◆ Assigned task:
Below this line is a listing that includes pictures. Copy exactly, and only, the lines from the one containing "MLB Chicago Cubs Cufflinks" through the one containing "LuxluxHouse Best Quality"; the pictures do not go in the copy.

◆ Records provided:
————
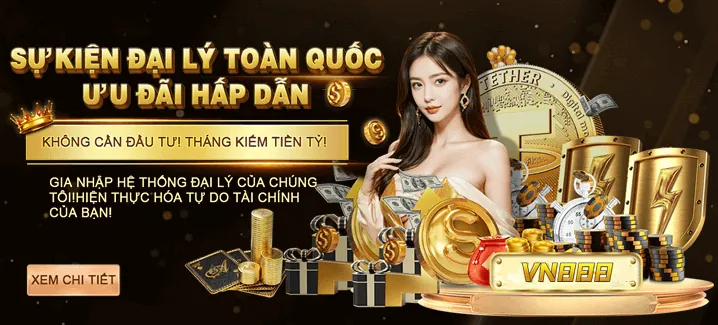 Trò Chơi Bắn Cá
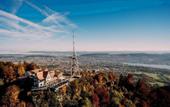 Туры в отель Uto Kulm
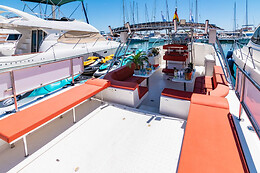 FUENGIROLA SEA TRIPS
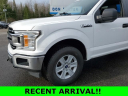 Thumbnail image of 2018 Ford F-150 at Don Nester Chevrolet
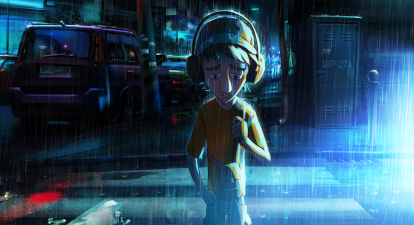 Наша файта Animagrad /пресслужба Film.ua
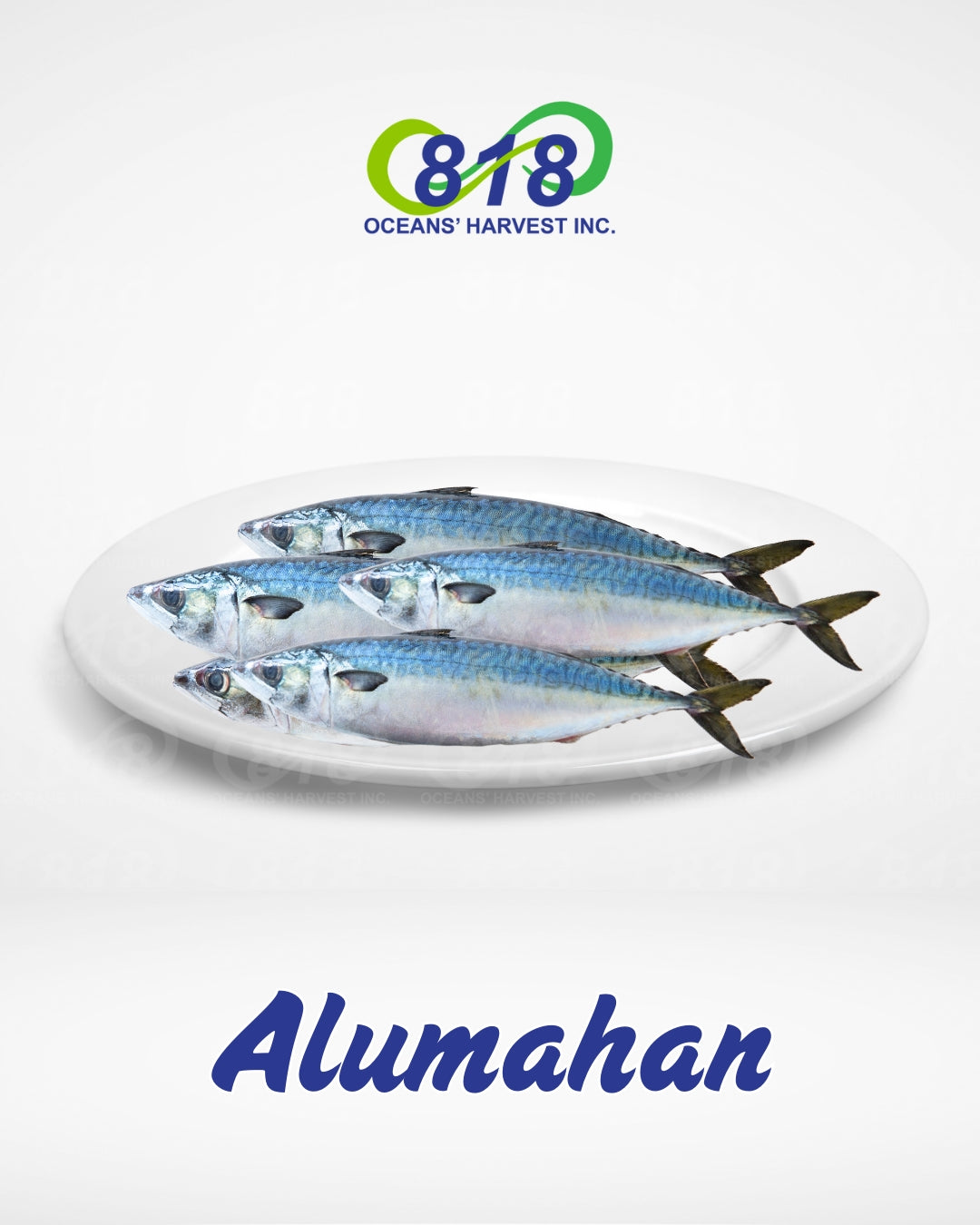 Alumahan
————
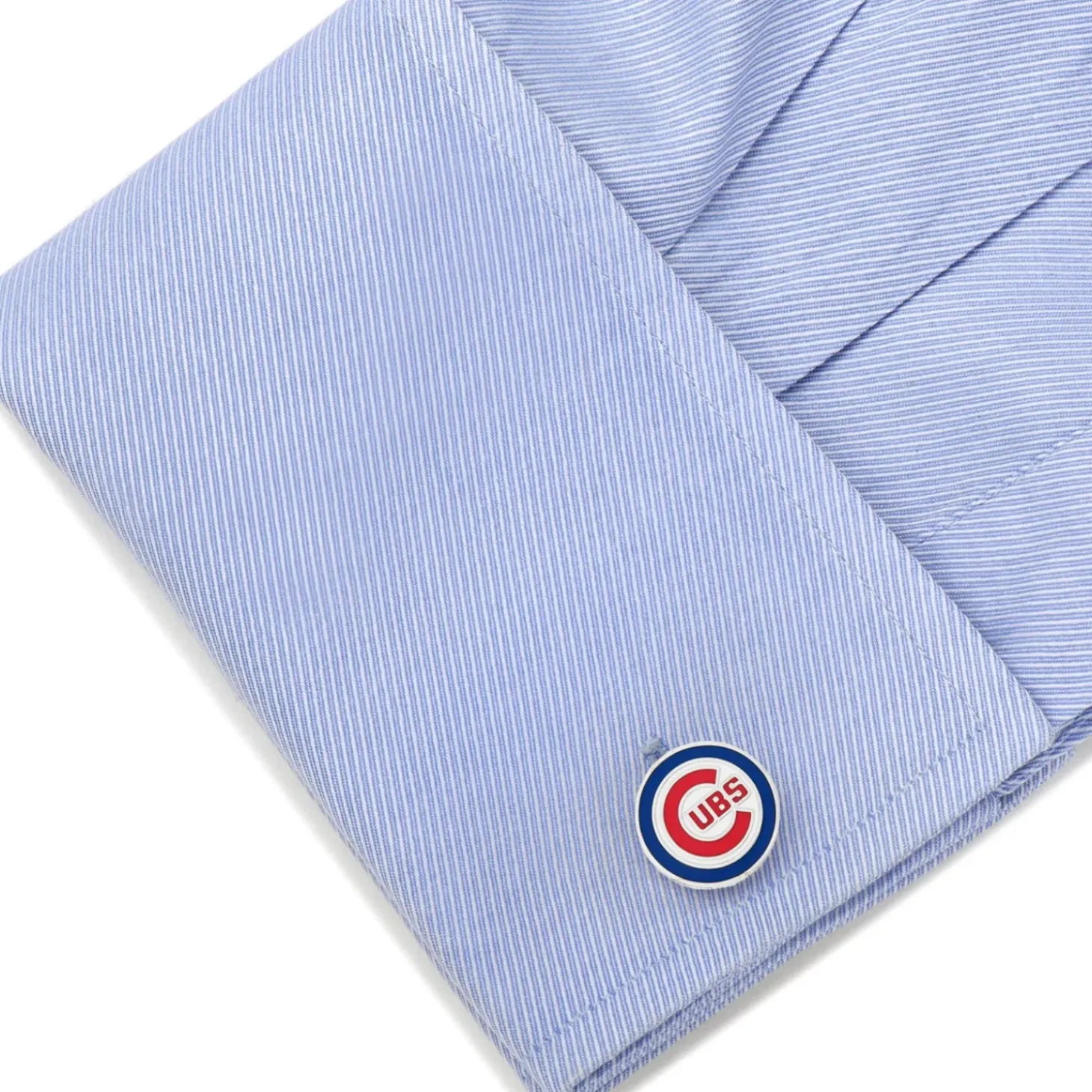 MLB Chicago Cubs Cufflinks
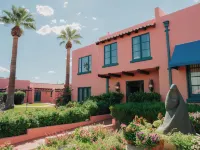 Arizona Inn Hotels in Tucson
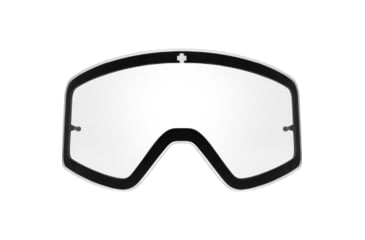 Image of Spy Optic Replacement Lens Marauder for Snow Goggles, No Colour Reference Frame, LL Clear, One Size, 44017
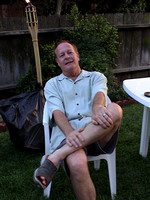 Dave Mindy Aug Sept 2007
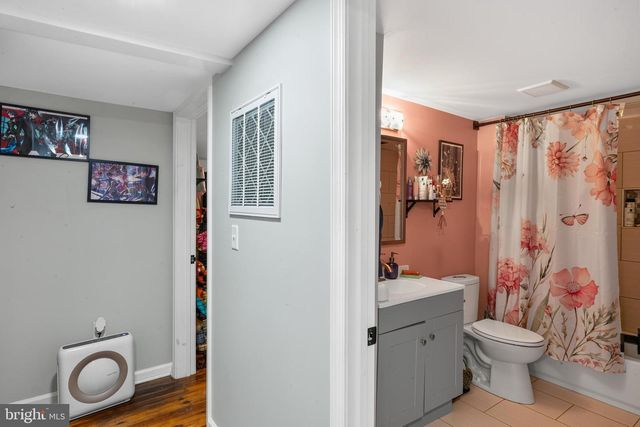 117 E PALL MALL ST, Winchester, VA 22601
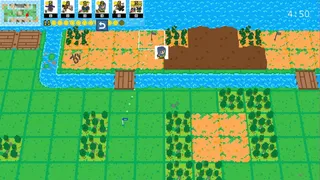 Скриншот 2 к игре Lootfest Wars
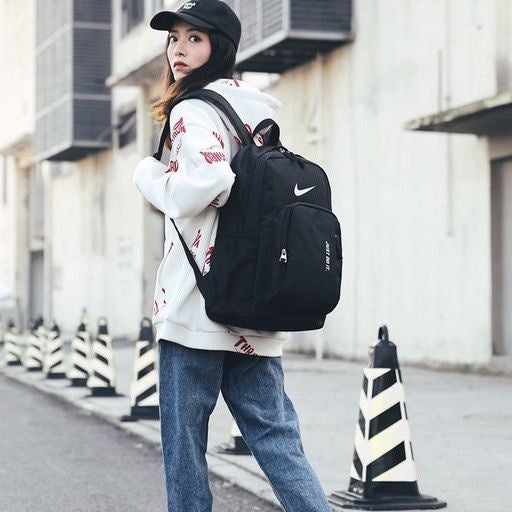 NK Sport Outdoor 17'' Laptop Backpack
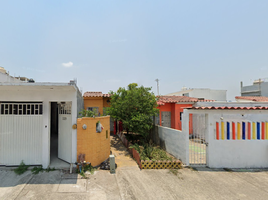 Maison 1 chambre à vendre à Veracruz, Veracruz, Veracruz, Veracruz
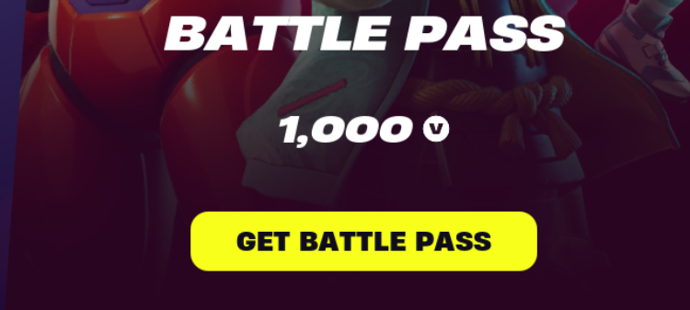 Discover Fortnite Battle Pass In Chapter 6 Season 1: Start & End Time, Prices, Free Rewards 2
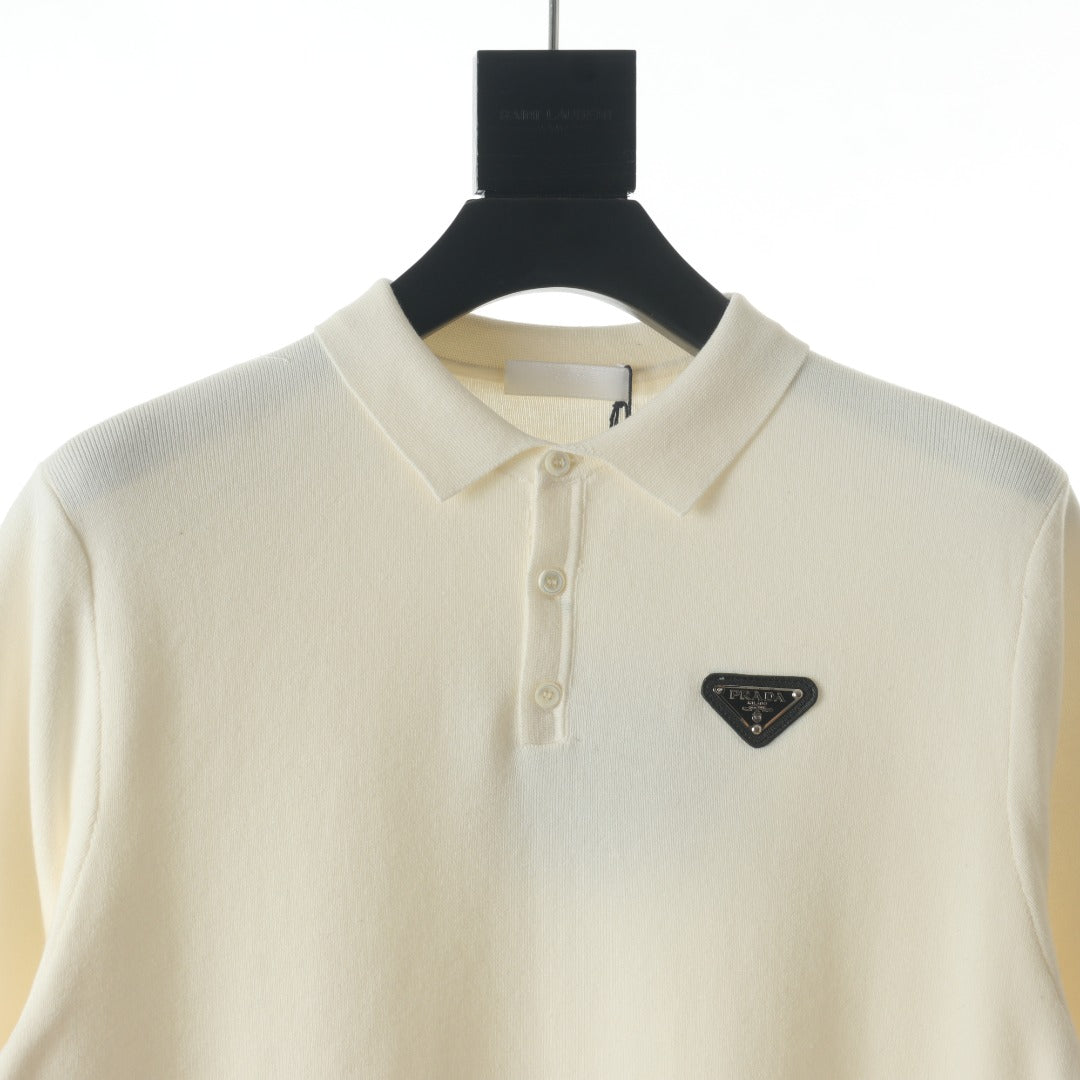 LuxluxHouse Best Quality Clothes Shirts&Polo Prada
————
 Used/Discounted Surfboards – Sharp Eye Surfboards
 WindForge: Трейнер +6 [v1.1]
————
◆ Output below:
 MLB Chicago Cubs Cufflinks
 Arizona Inn Hotels in Tucson
 Image of Spy Optic Replacement Lens Marauder for Snow Goggles, No Colour Reference Frame, LL Clear, One Size, 44017
 Dave Mindy Aug Sept 2007
 117 E PALL MALL ST, Winchester, VA 22601
 Скриншот 2 к игре Lootfest Wars
 NK Sport Outdoor 17'' Laptop Backpack
 Maison 1 chambre à vendre à Veracruz, Veracruz, Veracruz, Veracruz
 Discover Fortnite Battle Pass In Chapter 6 Season 1: Start & End Time, Prices, Free Rewards 2
 LuxluxHouse Best Quality Clothes Shirts&Polo Prada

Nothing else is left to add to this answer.